====== THE INPUT ======

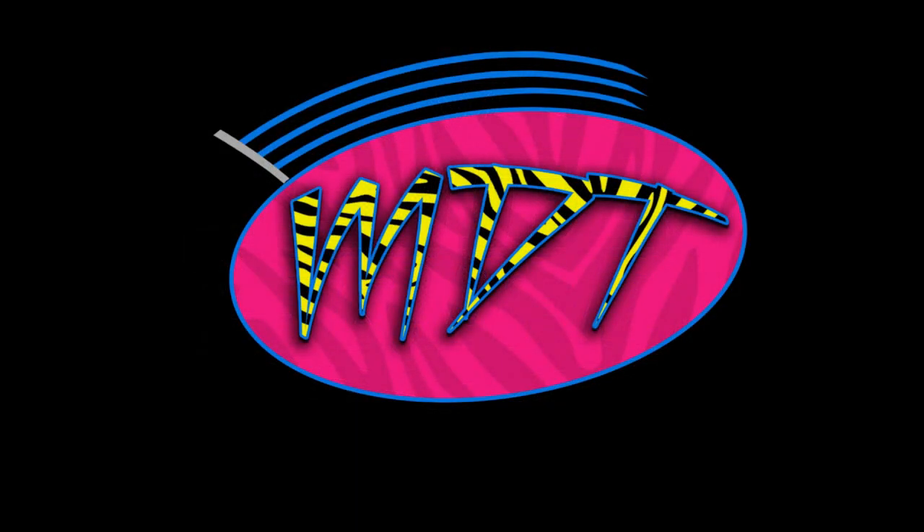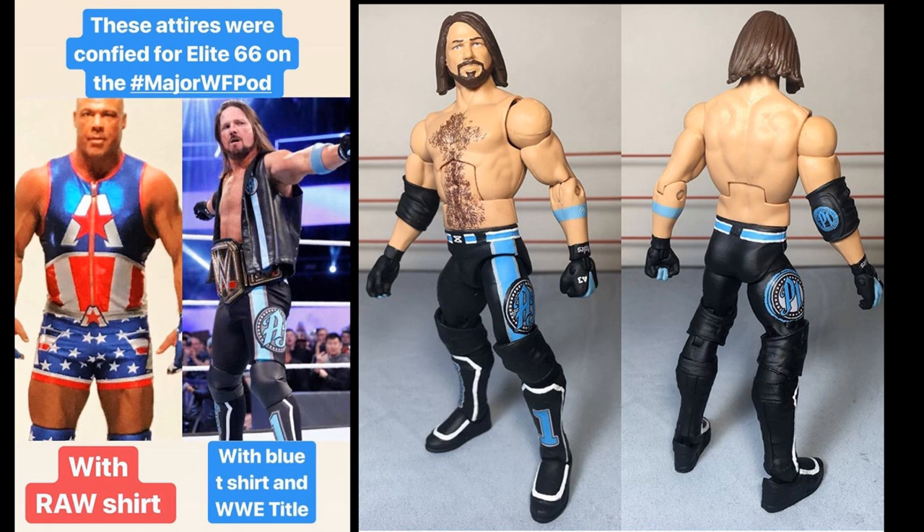Welcome back to another My Name Toys video. Today we have some brand new WWE figure news. Thanks to the Major Wrestling Figure Podcast with Zack Ryder and Curt Hawkins, we've learned two of the upcoming Elite figures in Elite Series 66. We also have a new store exclusive in-package image, an upcoming release in Elite Series 69, and images of the brand new Battle Packs 57 coming soon to Ringside Collectibles.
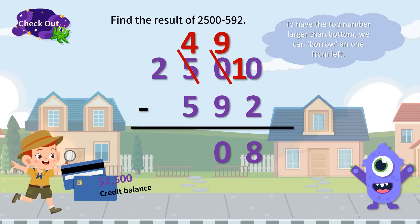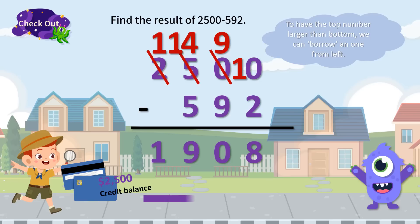Still following the order from right to left, we first do the calculation 10 minus 2, which is 8. Then, 9 minus 9 equals 0. But 4 is smaller than 5, so again we borrow a 1 from the 2 on the 1,000s place, which makes the calculation on the 100s place 14 minus 5, and that is 9. There is only one digit on the 1,000s place; the void can be taken as 0. Thus, 1 minus 0 is 1. Finally, the result of 2,500 minus 592 is 1,908. We can say Chief Raid still has $1,908 on his credit card.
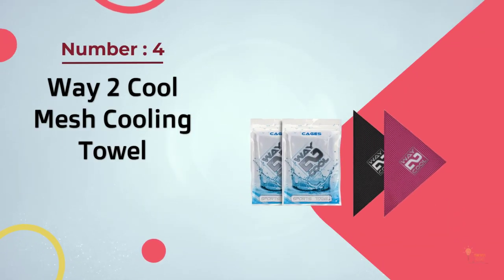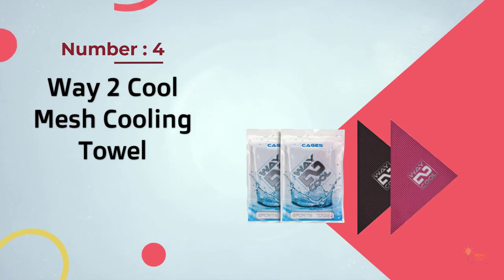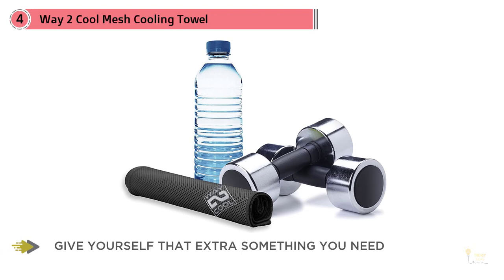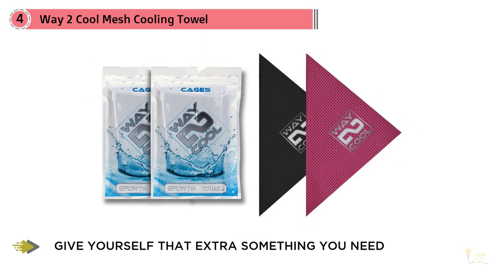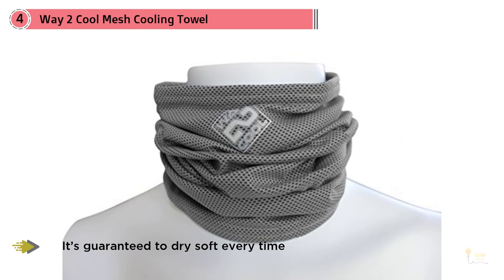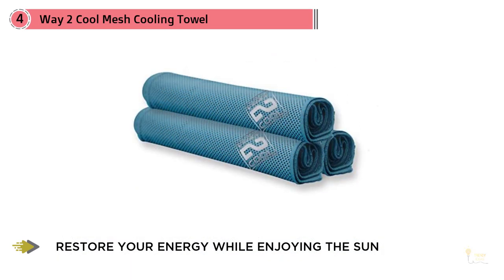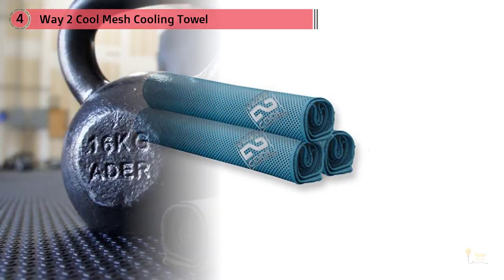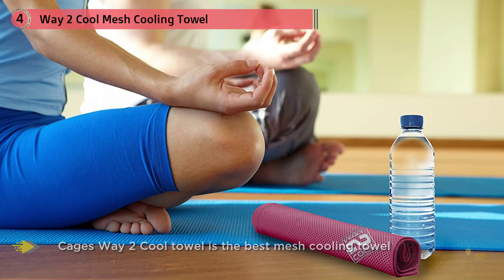Number four: Way Too Cool Mesh Cooling Towel. To activate the Way Too Cool mesh towel, simply soak it, wring it out, and use it. It's guaranteed to dry soft, so unlike other towels you never have to worry about it getting stiff or inflexible. Made of super absorbent microfiber material, this towel can help you stay up to three degrees cooler. It also has built-in UPF 50 protection so you won't have to worry about getting sunburned. The Way Too Cool mesh cooling towel measures 12 by 33 inches, and to reactivate the cooling relief all you have to do is re-wet the towel.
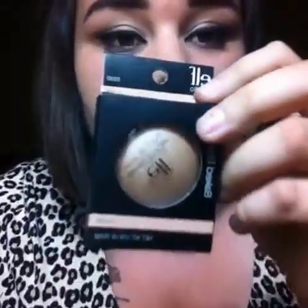Next I have the Baked Bronzer in St. Lucia. I actually heard a lot of good reviews about this, so I'm excited. Someone said it was a dupe of something, so I'm really excited for that. It's really shimmery — it's a gold color, so I'm excited for that.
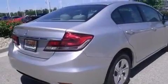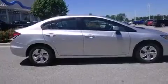Tinted glass, and the parking camera will display what's behind you as you back out of the driveway or into the perfect parallel parking spot.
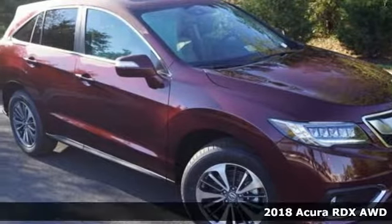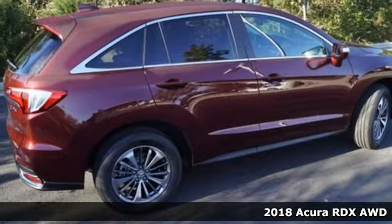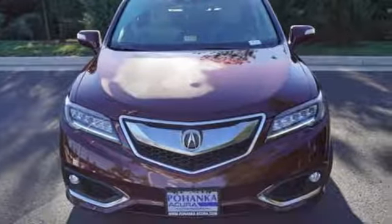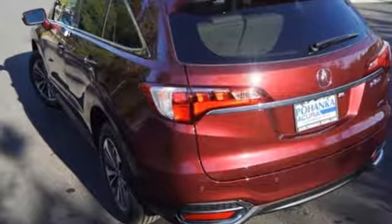It's a 2018 Acura RDX. No matter how you look at this brilliant SUV, you will be impressed. Slide into the stunning cabin and enjoy the comfort of heated front seats, dual zone climate control, and a moonroof.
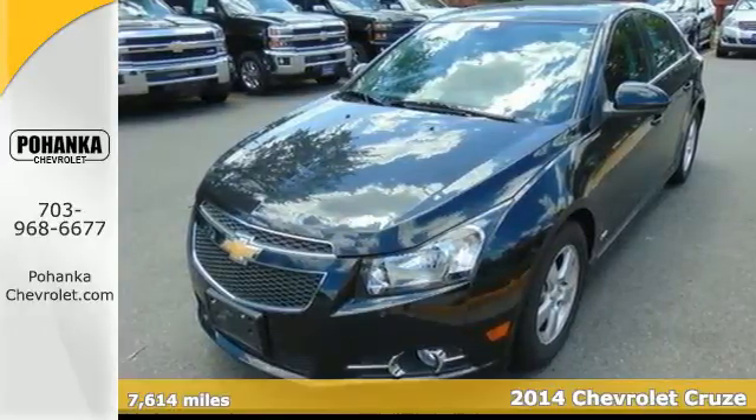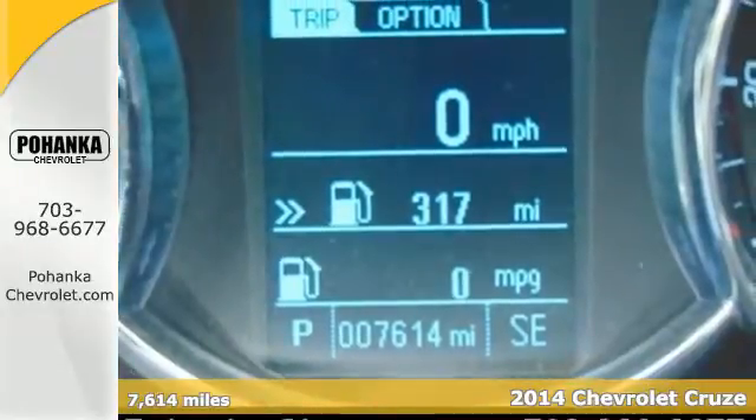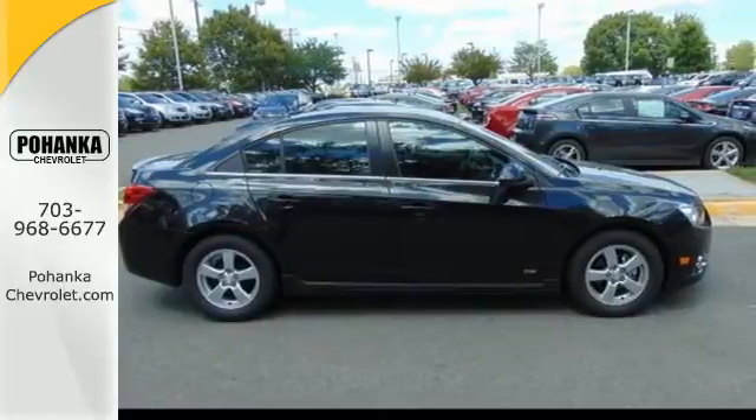Here's a 2014 Chevrolet Cruze. It's a compact sedan, but its roomy interior will make you think otherwise. Not only is it surprisingly roomy, but this Cruze is efficient, practical, and safe.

======

DESCRIPTION OF THE TASK: Only the pictures stay out; everything else in the listing above must be repeated exactly.

EXERCISE OUTPUT:
Welcome back to another My Name Toys video. Today we have some brand new WWE figure news. Thanks to the Major Wrestling Figure Podcast with Zack Ryder and Curt Hawkins, we've learned two of the upcoming Elite figures in Elite Series 66. We also have a new store exclusive in-package image, an upcoming release in Elite Series 69, and images of the brand new Battle Packs 57 coming soon to Ringside Collectibles.
Still following the order from right to left, we first do the calculation 10 minus 2, which is 8. Then, 9 minus 9 equals 0. But 4 is smaller than 5, so again we borrow a 1 from the 2 on the 1,000s place, which makes the calculation on the 100s place 14 minus 5, and that is 9. There is only one digit on the 1,000s place; the void can be taken as 0. Thus, 1 minus 0 is 1. Finally, the result of 2,500 minus 592 is 1,908. We can say Chief Raid still has $1,908 on his credit card.
Number four: Way Too Cool Mesh Cooling Towel. To activate the Way Too Cool mesh towel, simply soak it, wring it out, and use it. It's guaranteed to dry soft, so unlike other towels you never have to worry about it getting stiff or inflexible. Made of super absorbent microfiber material, this towel can help you stay up to three degrees cooler. It also has built-in UPF 50 protection so you won't have to worry about getting sunburned. The Way Too Cool mesh cooling towel measures 12 by 33 inches, and to reactivate the cooling relief all you have to do is re-wet the towel.
Next I have the Baked Bronzer in St. Lucia. I actually heard a lot of good reviews about this, so I'm excited. Someone said it was a dupe of something, so I'm really excited for that. It's really shimmery — it's a gold color, so I'm excited for that.
Tinted glass, and the parking camera will display what's behind you as you back out of the driveway or into the perfect parallel parking spot.
It's a 2018 Acura RDX. No matter how you look at this brilliant SUV, you will be impressed. Slide into the stunning cabin and enjoy the comfort of heated front seats, dual zone climate control, and a moonroof.
Here's a 2014 Chevrolet Cruze. It's a compact sedan, but its roomy interior will make you think otherwise. Not only is it surprisingly roomy, but this Cruze is efficient, practical, and safe.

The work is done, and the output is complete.